That's as simple as it is to program Rust for Windows. Under the hood, however, a lot of love goes into building the tooling so that Rust can both parse .winmd files based on ECMA-335 (Common Language Infrastructure, or CLI) at compile time, and also faithfully honor the COM-based application binary interface (ABI) at run-time with both safety and efficiency in mind.

Showing a message box

We did say that Rust for Windows lets you call any Windows API (past, present, and future). So in this section we'll add code to show a Windows message box to the user.

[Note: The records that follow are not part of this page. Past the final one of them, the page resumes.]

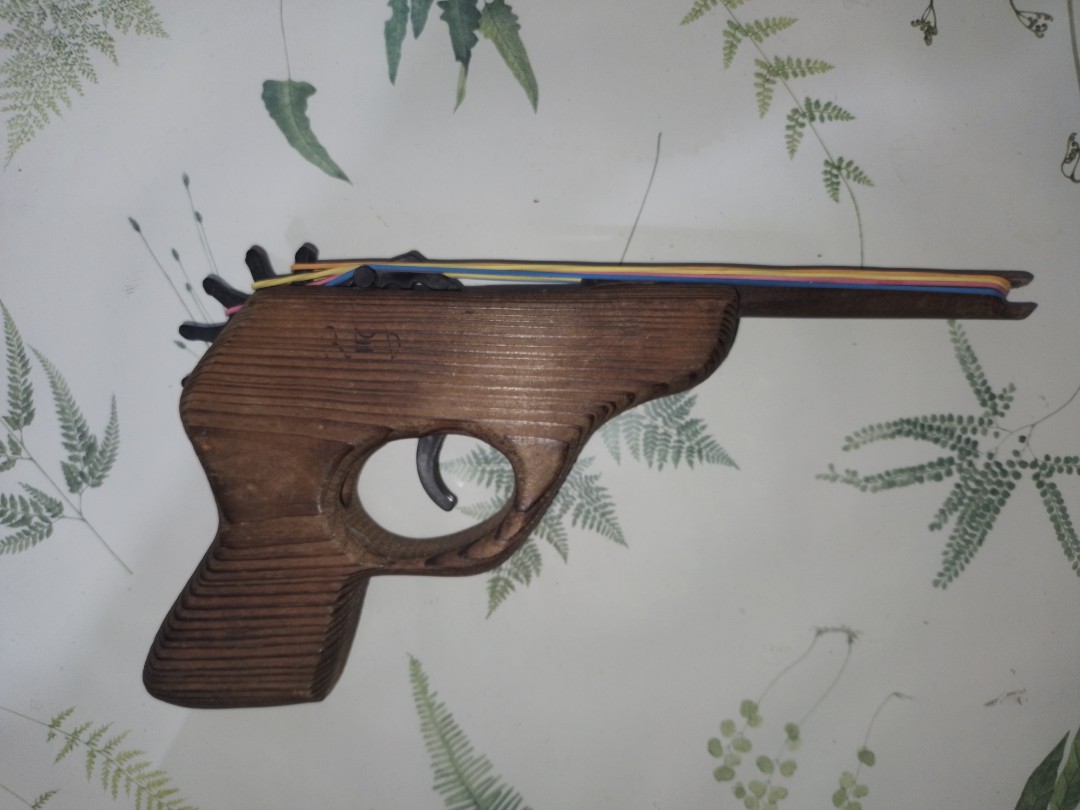 Retro Rubberband Toy Gun, Hobbies & Toys, Toys & Games on Carousell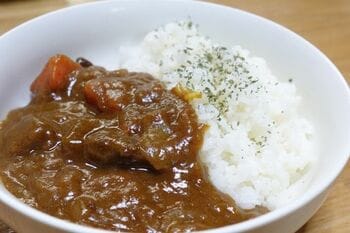 坂本昌行 ロケ先の一般家庭で“いつも通りに”カレーを食べて怒られた！？食にまつわる仰天マナーが続々登場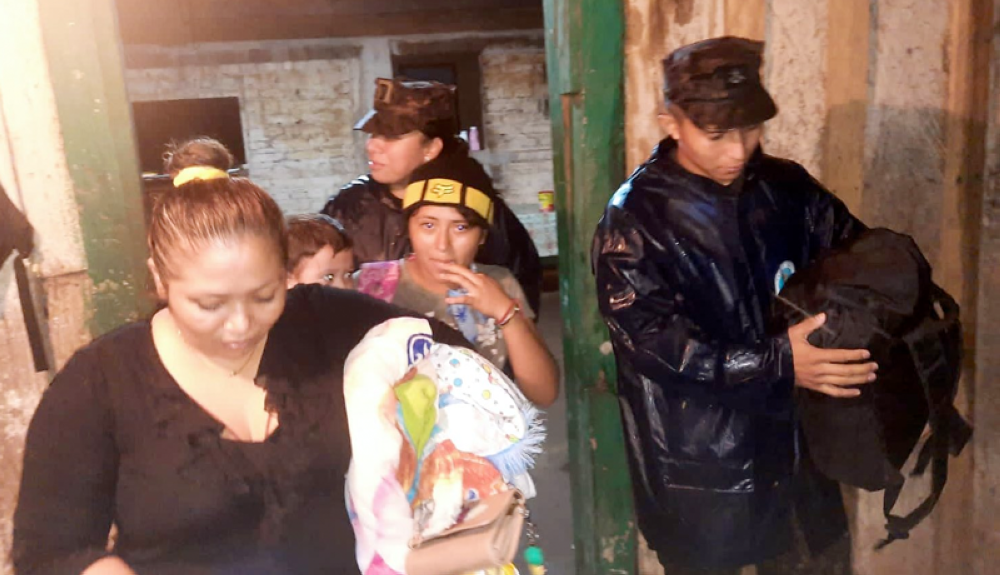En la Laguna Maquigüe, La Unión, miembros de la Fuerza Naval apoyan la evacuación de 20 personas, entre niños y adultos. MD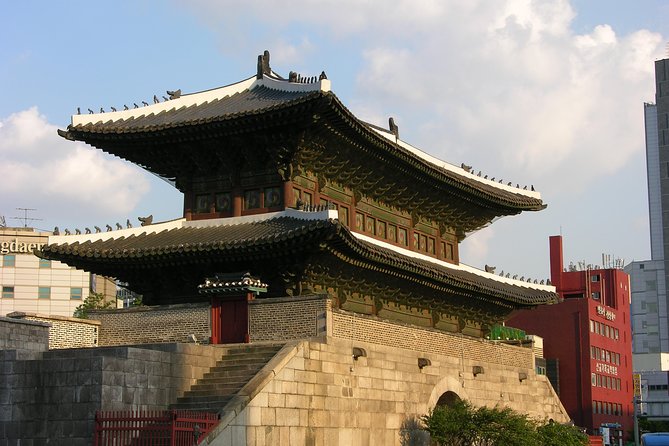 Private Seoul Wall Trekking [Inwangsan, Bugaksan, Naksan Park, N-Seoul Tower] - Lunch on the Move: Traditional Korean Food That Actually Refuels You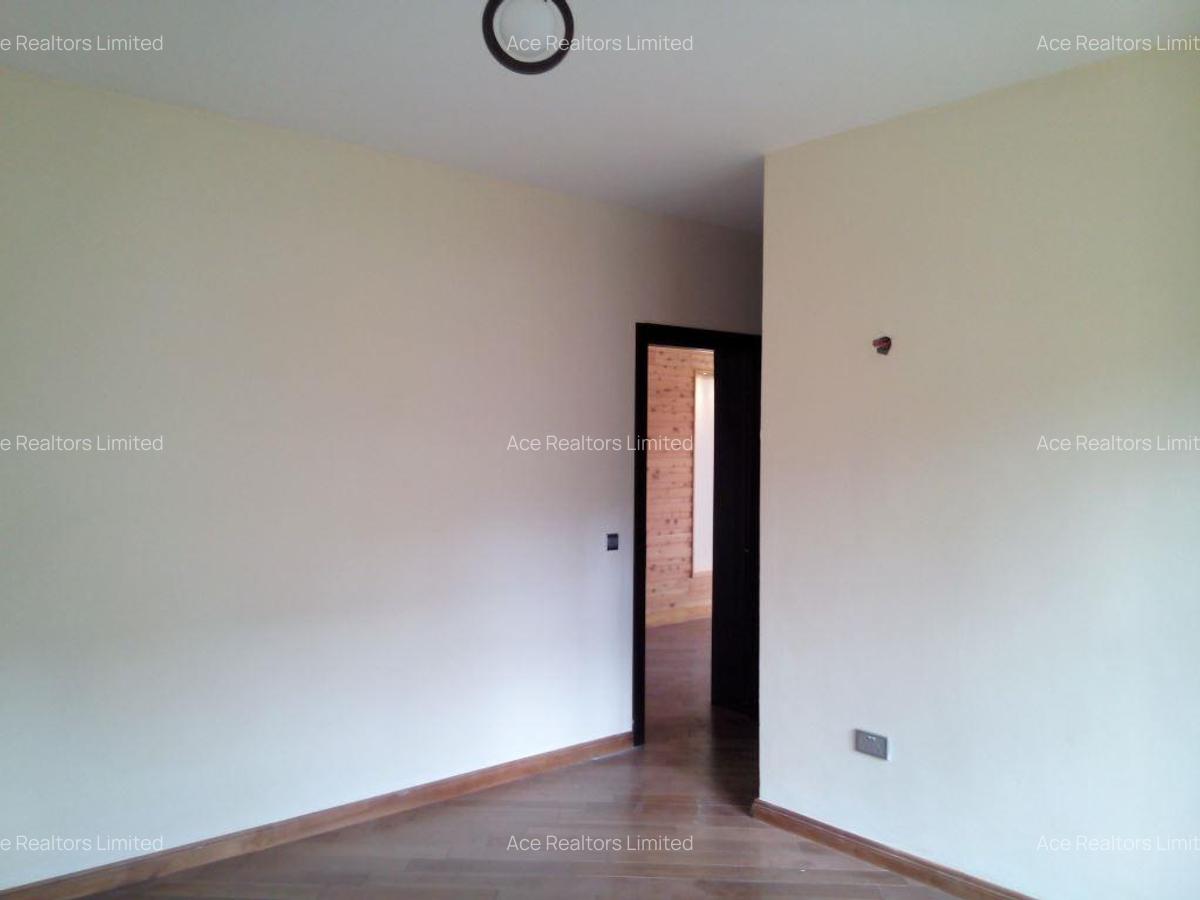 4 Bed House with En Suite at Karen Estate Nairobi - 6
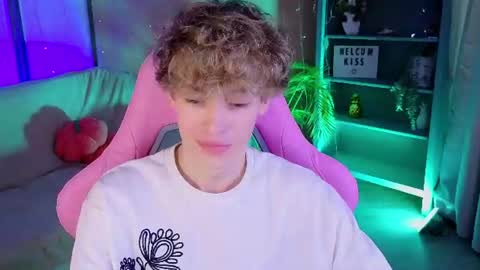 curly_twinkboy online show from 07.23.26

  1. Open the bindings > build.rs source code file, and add to the generated bindings the function shown below.

    // bindings\build.rs
    fn main() {
        windows::build!(
            ...
            Windows::Win32::UI::WindowsAndMessaging::MessageBoxA,
        );
    }
    
  2. Next, open the project's src > main.rs source code file, and update the use declaration with the new namespace, or module. And finally add code to call the MessageBoxA function (also see MessageBoxA in the Rust documentation for the Windows API, which includes a link to MESSAGEBOX_STYLE).

    // src\main.rs
    use bindings::{ 
        Windows::Foundation::Uri,
        Windows::Web::Syndication::SyndicationClient,
        Windows::Win32::UI::WindowsAndMessaging::*,
    };
    
    fn main() {
        ...
    
        unsafe {
            MessageBoxA(None, "Text", "Caption", MB_OK);
        }
    
        Ok(())
    }
    

    As you can see, we mark these older Win32 APIs as unsafe (see Unsafe blocks).

This time when you build and run, Rust displays a Windows message box after listing the blog post titles.